Le président russe Dmitri Medvedev n'a pas exclu mardi d'être candidat à sa succession en 2012, alors que nombre d'analystes parient sur le retour au Kremlin de Vladimir Poutine, son puissant premier ministre.

«Voici encore peu, je n'envisageais pas d'être président», a concédé M. Medvedev, un juriste qui a fait carrière dans l'ombre de M. Poutine, de Saint-Pétersbourg au Kremlin, avant d'être élu président avec la bénédiction de son mentor. «Mais tel est le destin. C'est pourquoi je n'anticipe rien pour moi-même mais n'exclus rien non plus», a-t-il lâché devant le groupe de Valdaï, qui réunit des experts étrangers sur la Russie.

Enchaînant les commentaires parfois énigmatiques, le chef de l'État a noté que M. Poutine avait une cote de popularité «plus élevée» mais que la sienne n'était «pas mal non plus».

Vendredi, Vladimir Poutine, considéré comme l'homme fort du pays, avait rouvert le bal des conjectures en déclarant qu'il n'y aurait pas de concurrence entre le président sortant et lui en 2012.

«En 2008, y a-t-il eu une concurrence ? (...) En 2012, il n'y aura pas de concurrence non plus. Selon la réalité du moment, nous ferons une analyse et nous prendrons une décision», a-t-il lancé, dans une belle démonstration de force, devant le groupe de Valdaï.

En affichant une telle liberté de ton, totalement inédite pour un premier ministre en Russie, M. Poutine a aussitôt donné l'impression qu'il gardait en tête la possibilité de revenir.

S'il n'a pu être candidat en 2008 après deux mandats présidentiels successifs (2000-2008), la Constitution ne lui interdit pas de se représenter à la prochaine élection.

Depuis un an, nombre de signes donnent à penser qu'il prépare son retour au Kremlin ou du moins s'en donne les moyens, entretenant une nouvelle fois le suspense sur ses intentions, comme en 2007.

Dès novembre 2008, le Parlement a voté l'allongement de la durée du mandat présidentiel de quatre à six ans. Nombre d'experts ont alors estimé qu'il s'agissait d'une réforme sur mesure destinée à lui permettre de revenir pour 12 ans au Kremlin.

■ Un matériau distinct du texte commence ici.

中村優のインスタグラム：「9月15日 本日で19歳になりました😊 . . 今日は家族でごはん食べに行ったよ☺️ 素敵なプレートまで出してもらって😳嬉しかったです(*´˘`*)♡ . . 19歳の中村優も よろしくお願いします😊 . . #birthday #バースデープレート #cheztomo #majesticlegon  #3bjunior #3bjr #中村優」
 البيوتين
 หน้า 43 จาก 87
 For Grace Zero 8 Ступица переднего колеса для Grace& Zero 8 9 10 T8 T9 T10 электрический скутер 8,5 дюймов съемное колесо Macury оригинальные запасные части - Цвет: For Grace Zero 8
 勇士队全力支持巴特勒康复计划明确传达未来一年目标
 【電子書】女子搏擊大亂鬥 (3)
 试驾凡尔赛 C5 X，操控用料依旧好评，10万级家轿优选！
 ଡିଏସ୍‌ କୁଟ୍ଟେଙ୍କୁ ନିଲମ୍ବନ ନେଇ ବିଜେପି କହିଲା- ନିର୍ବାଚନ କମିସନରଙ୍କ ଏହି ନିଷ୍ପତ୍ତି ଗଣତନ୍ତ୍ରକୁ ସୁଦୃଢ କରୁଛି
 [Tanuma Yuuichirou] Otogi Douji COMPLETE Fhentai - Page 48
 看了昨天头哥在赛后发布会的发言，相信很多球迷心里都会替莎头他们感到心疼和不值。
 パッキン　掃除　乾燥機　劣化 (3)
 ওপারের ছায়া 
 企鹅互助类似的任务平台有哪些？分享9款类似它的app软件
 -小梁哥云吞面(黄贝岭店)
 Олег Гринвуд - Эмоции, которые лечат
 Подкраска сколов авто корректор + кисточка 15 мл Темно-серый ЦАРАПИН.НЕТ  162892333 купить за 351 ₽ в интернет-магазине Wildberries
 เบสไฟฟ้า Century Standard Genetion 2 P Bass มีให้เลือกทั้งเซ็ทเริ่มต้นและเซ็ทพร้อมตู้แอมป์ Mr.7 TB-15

Vladimir Poutine soigne aussi son image, enchaînant les séquences viriles, toujours appréciées dans l'opinion - un jour affublé d'un chapeau de brousse et d'un treillis en Sibérie, un autre en combinaison de plongée au fond du lac Baïkal - et affichant volontiers son autorité, devant les caméras.

Pour nombre d'analystes, le suspense est d'ailleurs déjà levé.

«Poutine a donné une réponse claire vendredi à la question de la présidence en 2O12: ce sera lui, le plus probablement», considère Olga Krychtanovskaïa, experte des élites à l'Institut de Sociologie. «Ses hommes occupent d'ailleurs toujours tous les postes clés», note-t-elle au passage.

En «n'excluant» rien, le président ne prend pas non plus d'engagement concret. En 2007, le premier ministre sorti du chapeau par M. Poutine, Viktor Zoubkov, avait eu recours à la même formule, avant de s'effacer... au profit de M. Medvedev, conformément à un scénario soigneusement écrit.

«Poutine a laissé comprendre, à sa manière sarcastique habituelle, que ce serait lui le prochain candidat. Et Medvedev a laissé entendre qu'il ne lui ferait pas concurrence», avance Evguéni Volk, analyste à la Fondation américaine Heritage.

Tous deux prennent en tout cas soin de montrer que le tandem fonctionne. «Nous nous mettrons d'accord parce que nous sommes du même sang et sur la même longueur d'onde», a déclaré vendredi M. Poutine.

Au groupe de Valdaï qui lui demandait ce qu'il en était, M. Medvedev a répondu, tout sourire : «Il faut faire une prise de sang. Je ne connais même pas le groupe sanguin de Poutine mais en ce qui concerne les points de vue, la réponse est oui».